In [114]:
import pandas as pd
import numpy as np

In [115]:
df = pd.read_csv('Realisierter_Stromverbrauch_201811010000_202411010000_Stunde.csv', 
                 sep= ';',
                 index_col= [0],
                 parse_dates= [0])

df = df.iloc[:,[1,2]]


# Replace '.' with '' (remove thousand separator) and ',' with '.' (convert to decimal point)
df.iloc[:, 0] = df.iloc[:, 0].str.replace('.', '', regex=False).str.replace(',', '.', regex=False)
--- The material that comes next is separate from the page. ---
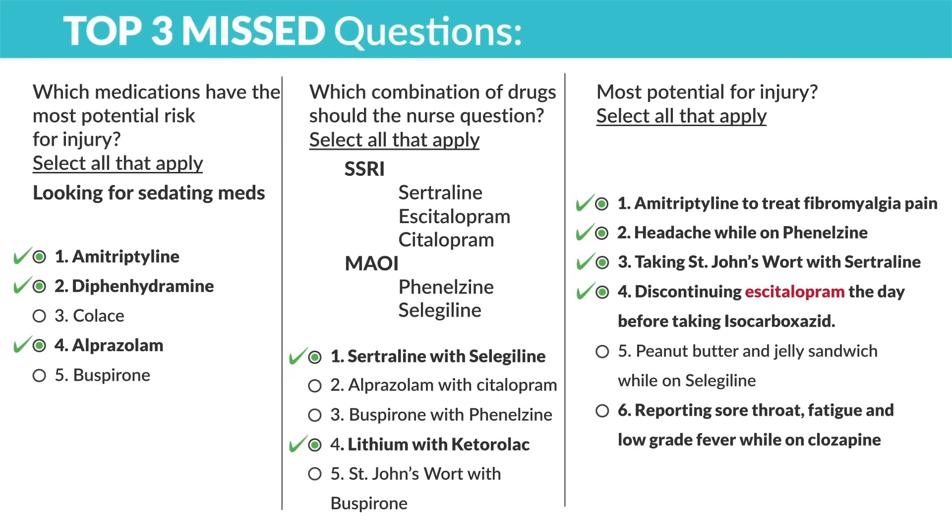Option six: reporting sore throat, fatigue, and low-grade fever while on clozapine. This is technically an antipsychotic drug, but yes — clozapine zaps WBCs, making a huge risk for infection and technically a risk for injury.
# Convert the column to float
df.iloc[:, 0] = df.iloc[:, 0].astype(float)

df_load = df['Gesamt (Netzlast) [MWh] Berechnete Auflösungen']

df_load


Datum von
01.11.2018 00:00     48879.5
01.11.2018 01:00     47312.5
01.11.2018 02:00    46093.75
01.11.2018 03:00     46710.5
01.11.2018 04:00    47624.25
                      ...   
31.10.2024 19:00     59605.0
31.10.2024 20:00    56859.25
31.10.2024 21:00     54040.5
31.10.2024 22:00     51405.0
31.10.2024 23:00    48110.75
Name: Gesamt (Netzlast) [MWh] Berechnete Auflösungen, Length: 52608, dtype: object

In [116]:
df = pd.read_csv('merged_data.csv', 
                 sep= ',',
                 index_col= [0],
                 parse_dates= [0])



df.columns

Index(['Datum bis_x', 'Gesamt (Netzlast) [MWh] Berechnete Auflösungen',
       'Residuallast [MWh] Berechnete Auflösungen',
       'Pumpspeicher [MWh] Berechnete Auflösungen_x', 'Datum bis_y',
       'Biomasse [MWh] Berechnete Auflösungen',
       'Wasserkraft [MWh] Berechnete Auflösungen',
       'Wind Offshore [MWh] Berechnete Auflösungen',
       'Wind Onshore [MWh] Berechnete Auflösungen',
       'Photovoltaik [MWh] Berechnete Auflösungen',
       'Sonstige Erneuerbare [MWh] Berechnete Auflösungen',
       'Kernenergie [MWh] Berechnete Auflösungen',
       'Braunkohle [MWh] Berechnete Auflösungen',
       'Steinkohle [MWh] Berechnete Auflösungen',
       'Erdgas [MWh] Berechnete Auflösungen',
       'Pumpspeicher [MWh] Berechnete Auflösungen_y',
       'Sonstige Konventionelle [MWh] Berechnete Auflösungen', 'Datum bis',
       'Deutschland/Luxemburg [€/MWh] Originalauflösungen',
       '∅ Anrainer DE/LU [€/MWh] Originalauflösungen',
       'Belgien [€/MWh] Originalauflösungen',
   

In [117]:
df_lo = df[['Gesamt (Netzlast) [MWh] Berechnete Auflösungen', 
         'Deutschland/Luxemburg [€/MWh] Originalauflösungen']]

df_po = df.iloc[:, 5:17]

df = pd.concat([df_lo, df_po], axis=1)

In [118]:
# Replace '-' with NaN
df = df.replace('-', float('nan'))

# Forward-fill to replace NaNs with the last valid value
df = df.ffill()

In [119]:
# Replace '.' with '' (remove thousand separator) and ',' with '.' (convert to decimal point) for all columns
df = df.apply(lambda x: x.astype(str).str.replace('.', '', regex=False).str.replace(',', '.', regex=False))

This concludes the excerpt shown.